# Exercise data:
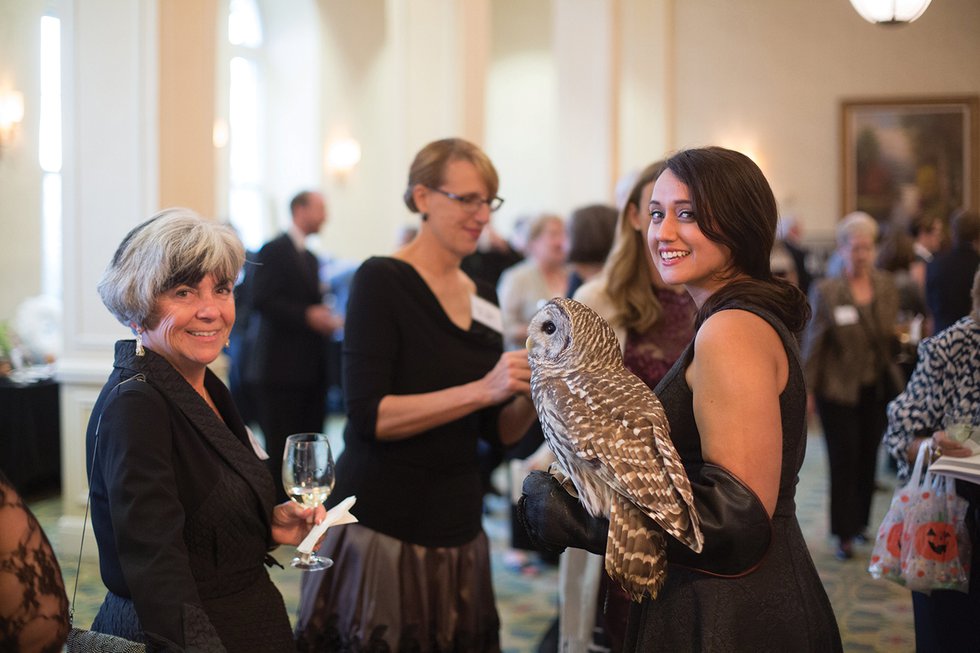 Wildlife Center of Virginia Gala & Benefit Auction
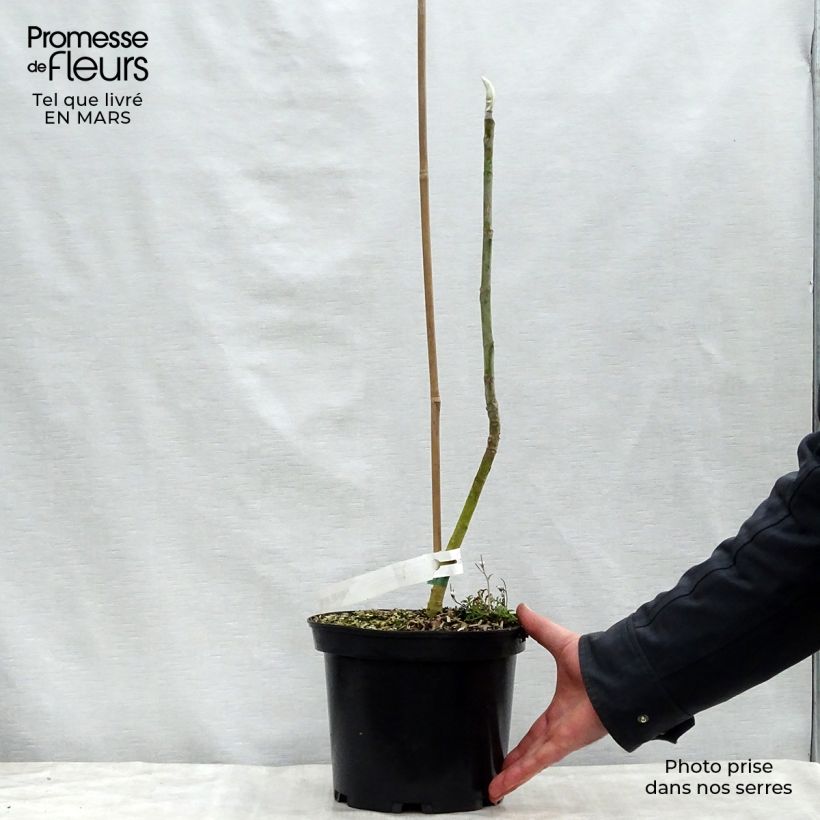Spécimen de Magnolia tripetala - Magnolia parasol Pot de 3L/4L tel que livré au printemps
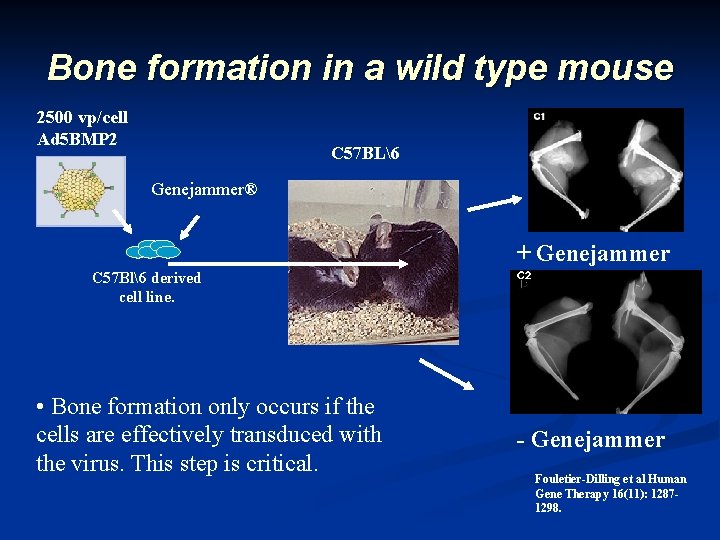 Bone formation in a wild type mouse 2500 vp/cell Ad 5 BMP 2 C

# Task brief:
The response should be the full material, repeated exactly, with images removed.

# Result for this task:
 Wildlife Center of Virginia Gala & Benefit Auction
Spécimen de Magnolia tripetala - Magnolia parasol Pot de 3L/4L tel que livré au printemps
 Bone formation in a wild type mouse 2500 vp/cell Ad 5 BMP 2 C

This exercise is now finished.